Hong Kong superstar Donnie Yen Ji-dan and his martial arts crew put their expertise in hard-hitting action to great use in this respectable adaptation of Demi-Gods and Semi-Devils, a beloved 1960s wuxia novel by literary giant Louis Cha Leung-yung, also known as Jin Yong.
Yen, who turns 60 this year, said at the screening this writer attended that he is at a stage of his career where he is now treating every action movie as if it is his last.
His passion for this ambitious undertaking is obvious. Not only is Yen the project’s leading star and producer – alongside Wong Jing, a frequent collaborator since 2017’s Chasing the Dragon – but Sakra also marks the first directing credit that he officially takes in nearly two decades. Big Brother’s Kam Ka-wai lends a hand as a co-director.
Yen plays Qiao Feng, the loyal and righteous leader of the Beggars’ Gang, a martial arts organisation in the Han Chinese-dominated Northern Song dynasty (960-1127) in China. The character is one of the most memorable tragic heroes in all of Cha’s oeuvre.
Qiao, taken in as an abandoned baby and raised by a Han Chinese couple, grows up to become an extremely powerful martial artist who has repeatedly led his sect to victory in battles to defend their homeland against the foreign invaders from the north.
Early in Sakra, Qiao’s fate as a misunderstood hero is sealed when his identity as a descendant of Khitan nomads – the very people he has spent his life fighting – a fact he is oblivious to, is revealed.
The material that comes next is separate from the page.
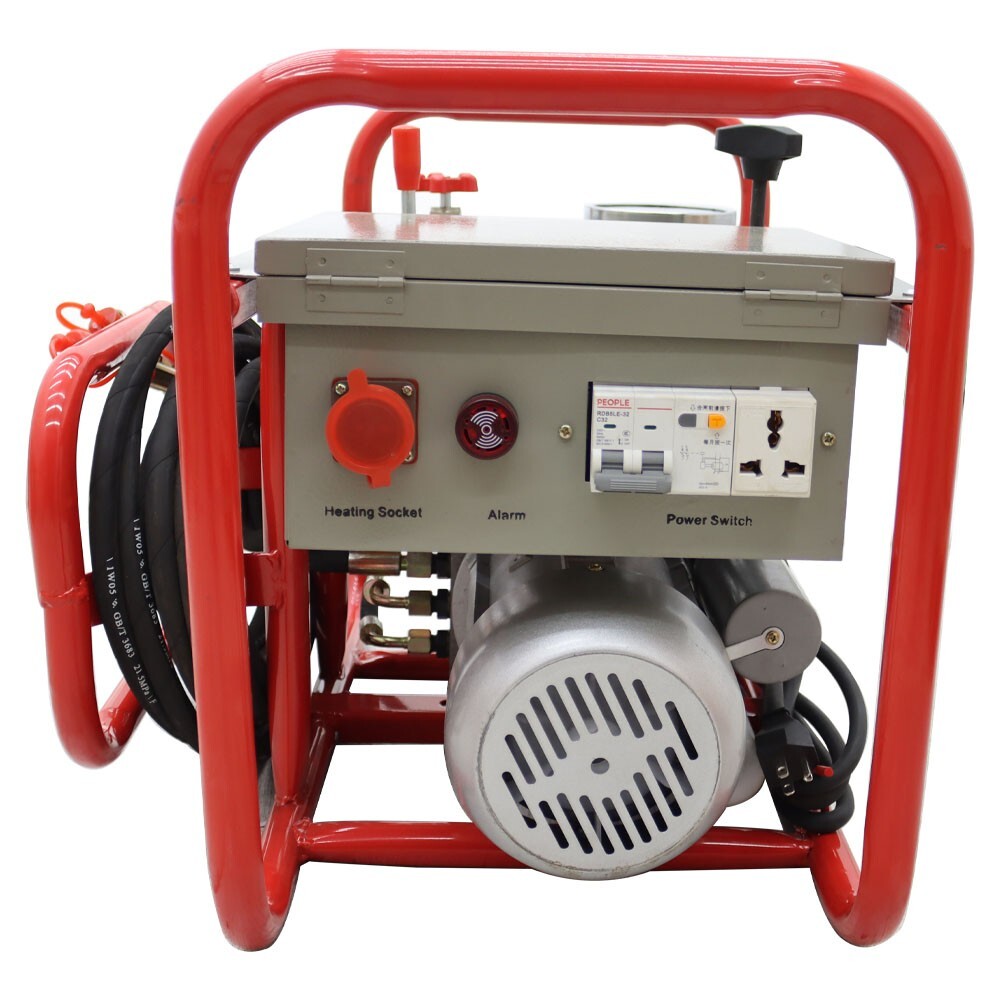 110V 4-Clamp Hydraulic Hand Pipeline Fusion Welding PE PPR PVDF 3.54-9.84" Dia.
Then he is framed for the murders of the second-in-command of the Beggars’ Gang, his own adoptive parents and his teacher in the Shaolin Temple.
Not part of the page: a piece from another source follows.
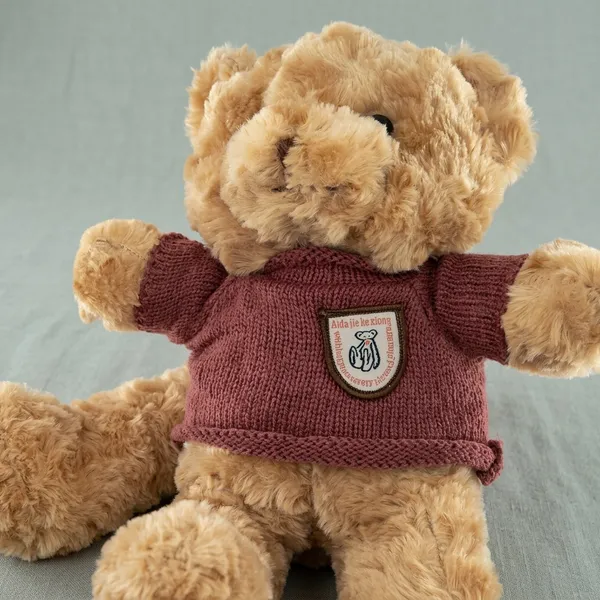 Soft_Plush_Teddy_Bear_Toy_In_Maroon_Sweater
The film clocks in at 130 minutes and its sprawling narrative follows Qiao as he leaves everyone behind to investigate the truth about his birth parents, as well as the murders pinned on him, only to inadvertently fall for Zhu (Chen Yuqi), a servant girl – and, handily, a master face-swapper – from the villainous Murong clan.
One of the book’s most famous scenes, in which Qiao walks right into a council meeting held by his former allies and long-time enemies, who are all swearing to kill him, is brought to particularly bloody life.
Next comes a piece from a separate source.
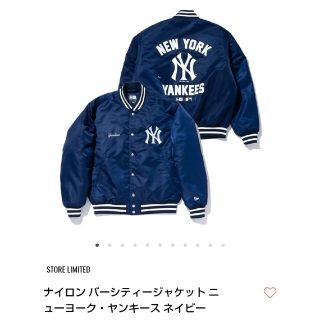 新品　23AW ニューエラ ナイロン バーシティージャケット MLB ネイビー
But, like many previous adaptations that have tried to distil the epic scope of Cha’s novels into a neatly packaged movie, Sakra comes up short when it tries to meaningfully weave in the great number of characters from the original story.
The hugely influential role of Qiao’s father (also played by Yen in brief scenes) is most confusingly presented, and several characters portrayed by supposedly principal cast members – such as Kara Wai Ying-hung and Cya Liu Ya-se as Zhu’s birth mother and sister – are reduced to mere afterthoughts in the unevenly paced film.
Sakra may prove a far more satisfying experience to viewers already familiar with Cha’s Buddhist-inspired story – but even for the uninitiated, Yen’s valiant attempt at wuxia filmmaking should still offer a diverting enough experience at the cinema.